3. The apparatus of claim 1 or 2, wherein said apparatus further
includes random pattern generating means for generating a random
pattern which minimizes an error between a waveform of a
synthesized speech obtained by exciting said all-pole filter means
with one of a plurality of predetermined random patterns and a
waveform of said phase-equalized speech in a window during which
said decision signal is unvoiced.
4. The apparatus of claim 1 or 2, wherein said impulse sequence
generating means includes vector quantizing mans for vector
quantizing the magnitude values of said impulses determined by said
impulse magnitude calculating means.
5. A method for analyzing a speech to generate parameters
representing an input speech waveform including parameters of an
excitation signal for exciting a linear filter representing a
speech spectral envelope characteristic, comprising the steps
of:
producing a phase-equalized prediction residual of the input speech
waveform;
determining reference time points where levels of said
phase-equalized prediction residual exceed a predetermined
threshold;
determining whether the input speech waveform in each of a
plurality of successive analysis windows, each of which is of fixed
time length, is voiced or unvoiced sound;
obtaining the difference between intervals of successive ones of
said reference time points in each analysis window;
when the input speech waveform is voiced sound, selecting impulse
positions based on said reference time points such that when the
difference between the intervals of the successive reference time
points in each analysis window is within a predetermined range, the
reference time points are selected as impulse positions, and when
the difference between the intervals of the successive reference
time points exceeds the predetermined range, impulse positions are
selected by moving or deleting the reference time points or
inserting reference time points to define a sequence of
quasi-periodic impulses so that the differences between successive
reference time points are within said predetermined range the
positions of said quasi-periodic impulse sequence being one of the
parameters representing said excitation signal; and
so selecting magnitudes of the respective impulses of the
quasi-periodic sequence in each analysis window as to minimize an
error between the phase-equalized speech waveform and a synthesized
speech waveform obtained by exciting said linear filter with said
quasi-periodic impulse sequence, the magnitudes of the
quasi-periodic impulses being another of the parameters
representing said excitation signal.
6. The method of claim 5 wherein, before being applied to said
linear filter, said quasi-periodic impulses are processed by a zero
filter, said method including the step of selecting coefficients of
said zero filter which minimize an error between said
phase-equalized speech waveform and a synthesized speech waveform
obtained by exciting said linear filter with the output of said
zero filter, whereby said processing of said quasi-periodic
impulses by said zero filter gives the sequence of said
quasi-periodic impulses features of the waveform of said
phase-equalized prediction residual signal, and using said
coefficients of said zero filter as one of said parameters
representing said excitation signal.
7. The method of claim 5 or 6 wherein said excitation signal is
used for a voiced sound and a random sequence selected from a
plurality of predetermined random patterns is used as an excitation
signal for an unvoiced sound, said method including so selecting
one of said predetermined random patterns representing said
excitation signal for said unvoiced sound as to minimize an error
between said phase-equalized speech waveform nd a synthesized
speech waveform obtainable by exciting said linear filter with said
random patterns, and using said selected one of the predetermined
random patterns to produce one of the parameters representing the
input speech waveform.
Description
BACKGROUND OF THE INVENTION
The present invention relates to a speech analysis-synthesis method
and apparatus in which a linear filter representing the spectral
envelope characteristic of a speech is excited by an excitation
signal to synthesize a speech signal.
Heretofore, linear predictive vocoder and multipulse predictive
coding have been proposed for use in speech analysis-synthesis
systems of this kind.
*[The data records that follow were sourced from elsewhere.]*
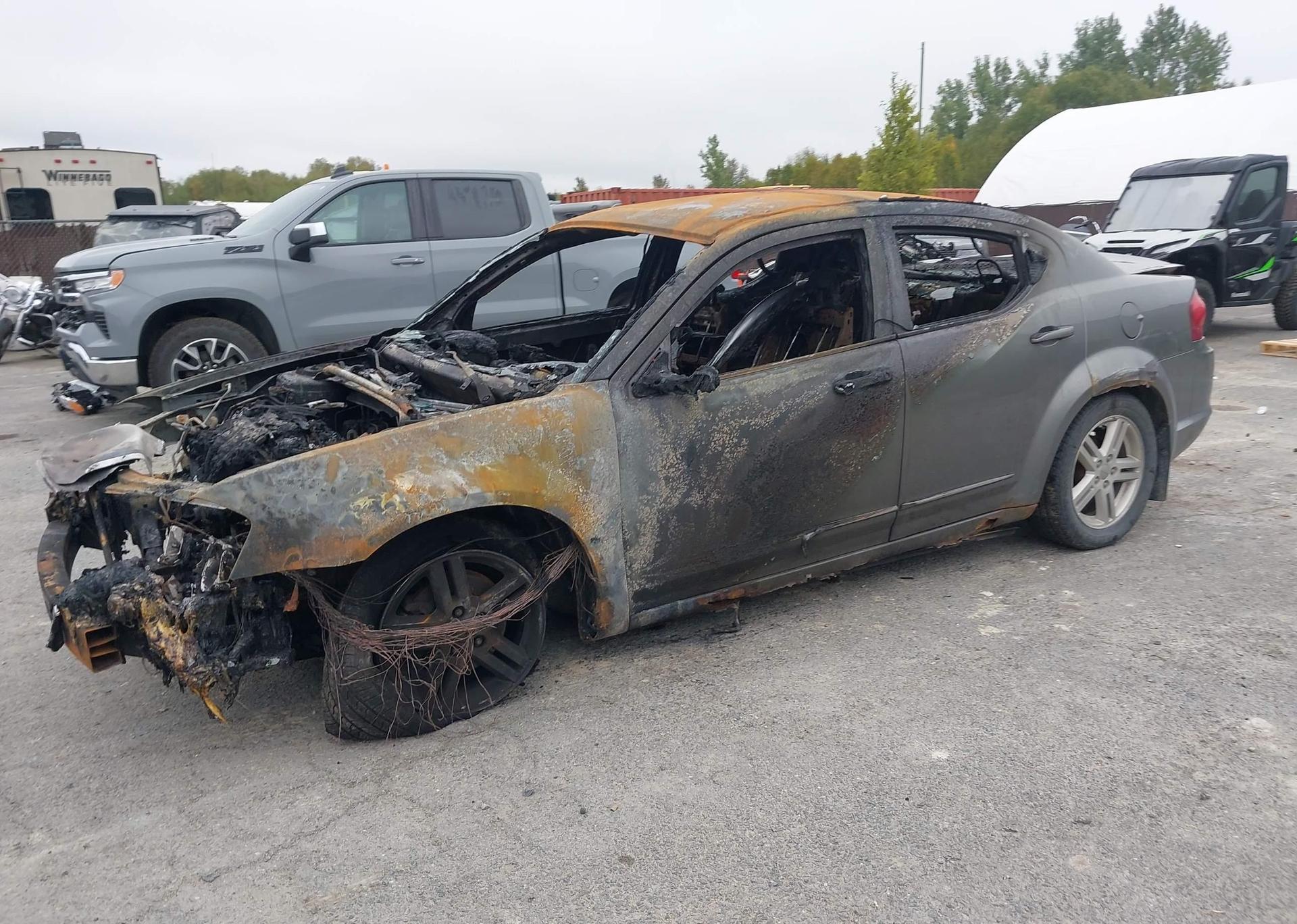 2012 DODGE AVENGER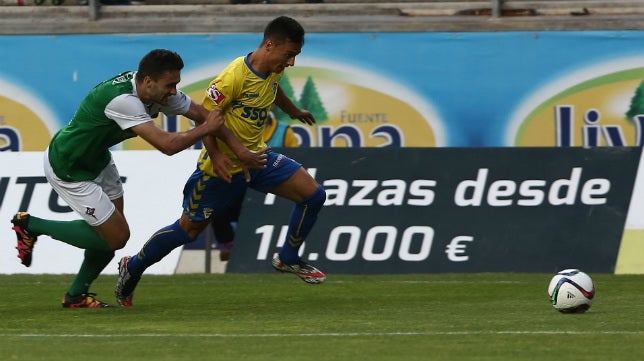 La prensa ferrolana esperaba más del Cádiz CF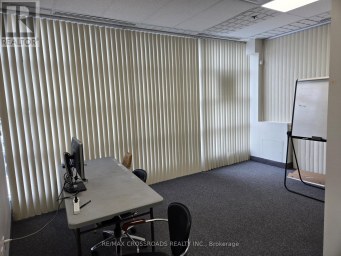 102 -SECTION 1 - 18 CROWN  STEEL DRIVE Markham (Milliken Mills West) Ontario photo 5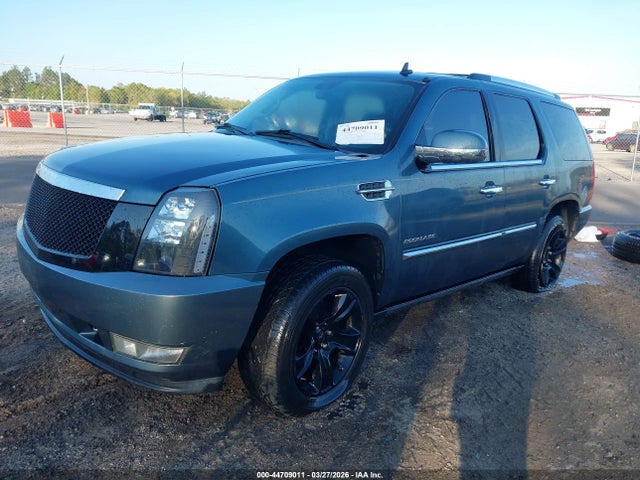 44709011 :رقم المزاد ، 1GYUKCEF5AR136867 vin ، 2010 Cadillac Escalade Premium مزاد بيع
The linear predictive vocoder is now widely
used for speech coding in a low bit rate region below 4.8 kb/s and
this system includes a PARCOR system and a line spectrum pair (LSP)
system. These systems are described in detail in Saito and Nakata,
"Fundamentals of Speech Signal Processing," ACADEMIC PRESS, INC.,
1985, for instance. The linear predictive vocoder is made up of an
all-pole filter representing the spectral envelope characteristic
of a speech and an excitation signal generating part for generating
a signal for exciting the all-pole filter. The excitation signal is
a pitch frequency impulse sequence for a voiced sound and a white
noise for an unvoiced sound. Excitation parameters are the
distinction between voiced and unvoiced sounds, the pitch frequency
and the magnitude of the excitation signal. These parameters are
extracted as average features of the speech signal in an analysis
window about 30 msec. In the linear predictive vocoder, since
speech feature parameters extracted for each analysis window as
mentioned above are interpolated temporarily to synthesize a
speech, features of its waveform cannot be reproduced with
sufficient accuracy when the pitch frequency, magnitude and
spectrum characteristic of the speech undergo rapid changes.
Furthermore, since the excitation signal composed of the pitch
frequency impulse sequence and the white noise is insufficient for
reproducing features of various speech waveforms, it is difficult
to produce highly natural-sounding synthesized speech. To improve
the quality of the synthesized speech in the linear predictive
vocoder, it is considered in the art to use excitation which
permits more accurate reproduction of features of the speech
waveform.
On the other hand, multipulse predictive coding is a method that
uses excitation of higher producibility than in the conventional
vocoder. With this method, the excitation signal is expressed using
a plurality of impulses and two all-pole filters representing
proximity correlation and pitch correlation characteristics of
speech are excited by the excitation signal to synthesize the
speech. The temporal positions and magnitudes of the impulses are
selected such that an error between input original and synthesized
speech waveforms is minimized. This is described in detail in B. S.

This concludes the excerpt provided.